İstanbul Cumhuriyet Başsavcılığı tarafından hazırlanan iddianamede, şüphelilerin DHKP/C terör örgütüne bilerek ve isteyerek yardım ettikleri, örgüte finans sağladıkları iddia ediliyor. İddianamede yer alan bilgilere göre, örgütün merkez komitesinin talimatı ile örgüte maddi kaynak sağlamak amacıyla 2014 yılında İKOM (İhtiyaç Komitesi) adında bir yapılanma kurulduğu belirtiliyor. Bu komite aracılığıyla belediyelerden örgüte para aktarıldığı öne sürülüyor. İddianamede adı geçen bazı isimler şöyle:
- Eski Şişli Belediye Başkanı Hayri İnönü
- Eski Şişli Belediye Başkan Yardımcıları Erdoğan Yıldız, Emir Sarıgül ve Mehrali Seçme
- Eski Maltepe Belediye Başkan Yardımcısı Haydar Battal
- Eski Maltepe Belediye Başkan Yardımcısı Melih Morsümbül
- Eski Ataşehir Belediye Başkan Yardımcısı Kalender Özdemir
- Eski Sarıyer Belediye Başkanı Şükrü Genç
Bu isimlerin yanı sıra, soruşturma kapsamında başka şüphelilerin de bulunduğu ve haklarında dava açıldığı belirtildi.
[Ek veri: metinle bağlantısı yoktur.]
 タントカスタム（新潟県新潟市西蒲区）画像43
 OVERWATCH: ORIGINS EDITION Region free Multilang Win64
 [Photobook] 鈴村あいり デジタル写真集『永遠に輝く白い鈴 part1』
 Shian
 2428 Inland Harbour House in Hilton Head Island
Soruşturmanın Detayları ve İddialar
Soruşturma, Ataşehir, Maltepe, Sarıyer ve Şişli belediyelerinin bazı ihalelerinde ve faaliyetlerinde usulsüzlükler tespit edilmesi üzerine başlatılmıştı. İddialara göre, belediyelerdeki bazı görevliler, DHKP/C terör örgütü ile bağlantılı kişilere ihale vermiş veya örgütün kontrolündeki şirketlere para aktarmış. Ayrıca, belediyelerin bazı sosyal yardım projeleri adı altında örgüte finans sağladığı da iddia ediliyor. Soruşturma kapsamında elde edilen deliller ve tanık ifadeleri doğrultusunda iddianame hazırlanarak mahkemeye sunuldu.
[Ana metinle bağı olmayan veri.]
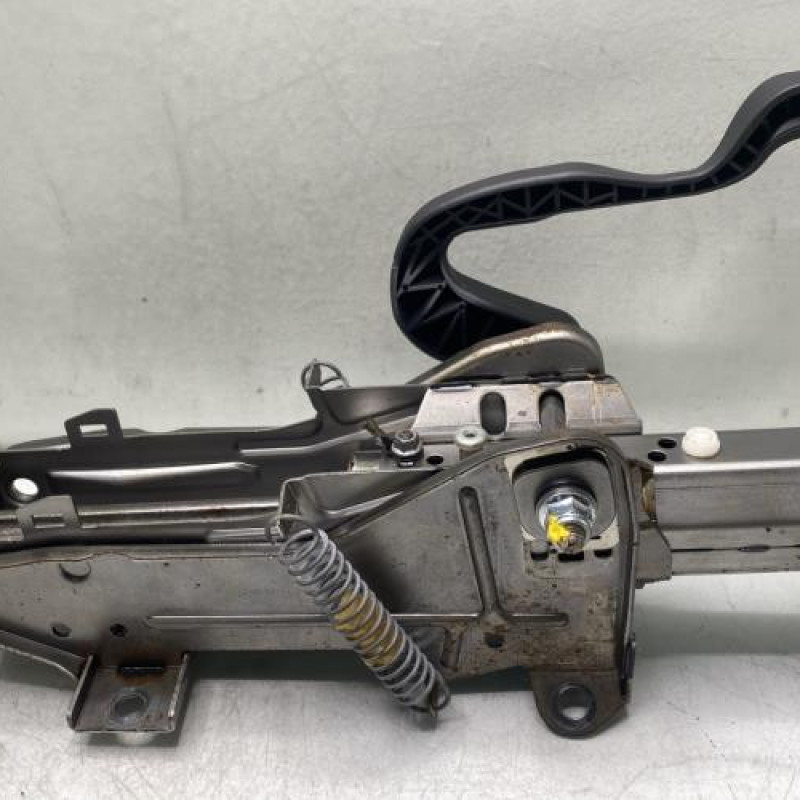 Colonne de direction VOLKSWAGEN GOLF 6 Photo n°3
Bu tür soruşturmalar, genellikle yerel yönetimlerin şeffaflığı ve hesap verebilirliği konularında önemli tartışmaları beraberinde getirir. Belediyelerin faaliyetlerinin daha sıkı denetlenmesi ve usulsüzlüklerin önüne geçilmesi için çeşitli önlemler alınması gerektiği sıkça dile getirilir. Bu dava sürecinin, yerel yönetimlerdeki olası riskleri ve alınması gereken önlemleri daha net bir şekilde ortaya koyması bekleniyor.
İstanbul'daki bu gelişmeler, Türkiye'nin siyasi gündemine bomba gibi düştü. Terör örgütleriyle mücadele konusunda hassas bir dönemden geçen ülkemizde, bu tür iddiaların titizlikle soruşturulması ve suçluların adalet önüne çıkarılması büyük önem taşıyor. Dava sürecinin nasıl ilerleyeceği ve hangi sonuçlara ulaşılacağı merakla bekleniyor.